Yesterday, I saw a most amazing thing happen here in Ukraine.
One of our favorite kids here at the orphanage – Mischa – was hanging out, making some bracelets with one of the other kids. I just happened to be in the room, working on an email.
Mischa speaks no English at all, but for some reason, communication is not a big deal. He has helped us completely with this building project, and has even started attending some of our group’s meetings. As far as I know, Mischa, unlike many of the kids here, has nowhere to go for the weekends, so either he has no family – or his family is so bad he chooses not to go. Mischa has had the chance to be adopted twice, however he has turned it down, as he knows his little brother will be entering this orphanage next year, and he wants to be there to protect him.
We have a community snack area in a little “café” that they have built for the kids. Throughout the day, we’ll leave food out for everyone to share. Mischa had a very nice chocolate bar that he had added to the snack collection. But it was wrapped, and no one had opened it.
Carol, one of the wonderful people we are working with here, wanted chocolate. And wanted it badly. After a while, she opened the bar and had some – putting it on the counter. When she realized that it was Mischa’s – she assumed that it was not to share and proceeded to drive all around this little Ukrainian village where we are staying in search of a replacement candy bar. Which, she couldn’t find.
So she came in the room with Oksana, one of our English speaking friends here, and proceeded to apologize to Mischa. Mischa didn’t quite know how to respond. He kept saying that it was no big deal, but it was obvious that he really didn’t understand what Carol was doing. She finally made him look her in the eyes as she said “I took your candy bar and it was wrong. I’m sorry.” He smiled, but I really think that was simply because he’s Mischa.

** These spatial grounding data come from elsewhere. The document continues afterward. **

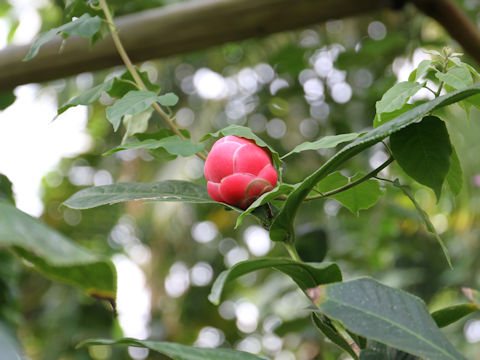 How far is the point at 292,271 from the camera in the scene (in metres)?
0.32

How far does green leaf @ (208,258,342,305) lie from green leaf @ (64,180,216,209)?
0.20 ft

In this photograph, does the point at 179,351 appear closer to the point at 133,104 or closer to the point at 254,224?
the point at 133,104

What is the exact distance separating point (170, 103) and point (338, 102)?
718mm

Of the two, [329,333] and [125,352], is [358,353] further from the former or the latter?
[125,352]

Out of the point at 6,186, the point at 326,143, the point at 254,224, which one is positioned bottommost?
the point at 254,224

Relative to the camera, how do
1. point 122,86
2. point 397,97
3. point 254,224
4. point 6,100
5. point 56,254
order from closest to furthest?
point 56,254
point 397,97
point 122,86
point 6,100
point 254,224

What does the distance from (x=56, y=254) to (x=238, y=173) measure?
15cm

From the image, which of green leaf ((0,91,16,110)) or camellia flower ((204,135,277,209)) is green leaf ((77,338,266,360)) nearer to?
camellia flower ((204,135,277,209))

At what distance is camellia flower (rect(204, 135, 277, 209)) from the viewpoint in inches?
13.1

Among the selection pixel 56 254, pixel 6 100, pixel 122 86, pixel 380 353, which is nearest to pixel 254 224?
pixel 6 100

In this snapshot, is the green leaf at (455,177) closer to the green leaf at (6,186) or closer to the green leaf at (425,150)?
the green leaf at (425,150)

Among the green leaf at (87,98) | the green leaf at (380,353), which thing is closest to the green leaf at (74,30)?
the green leaf at (87,98)

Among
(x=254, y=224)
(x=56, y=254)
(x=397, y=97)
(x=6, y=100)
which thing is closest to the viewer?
(x=56, y=254)

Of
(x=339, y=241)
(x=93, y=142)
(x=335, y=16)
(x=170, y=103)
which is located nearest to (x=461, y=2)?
(x=335, y=16) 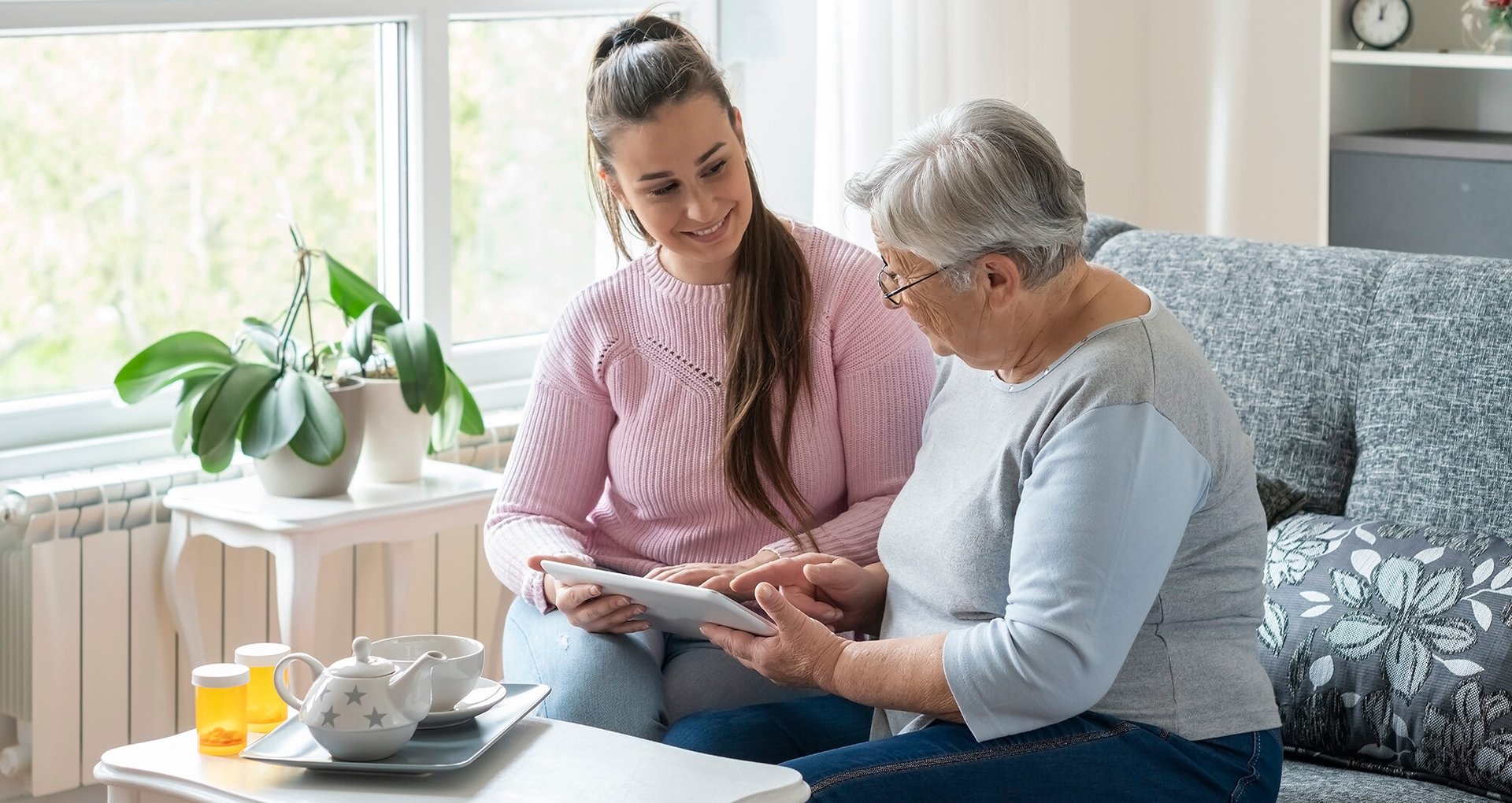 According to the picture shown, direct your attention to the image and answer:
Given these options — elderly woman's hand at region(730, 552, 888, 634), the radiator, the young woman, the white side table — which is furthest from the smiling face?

I followed Carol and Oksana out of the room to say that I thought it was a really interesting exchange, but Oksana just simply said “I don’t think he’s ever been apologized to by an adult before.”
And I couldn’t imagine it. This kid is 18 years old. He has been nothing but helpful and kind and just straight up fun to be around. He’s become a part of our little family here, and to think that he’s probably never had someone older tell him that they were wrong I just can’t fathom. No one has respected him enough to say to him that his opinion mattered. That he had a voice. And that he was right.
It was a candy bar, and he was planning to share it anyway. But that’s not the point. Hopefully our little crew has been able to not only befriend some of these kids, but that they will know that we genuinely love them, care about them, and believe that they have a voice – an opinion – a face – and have a true purpose in this world.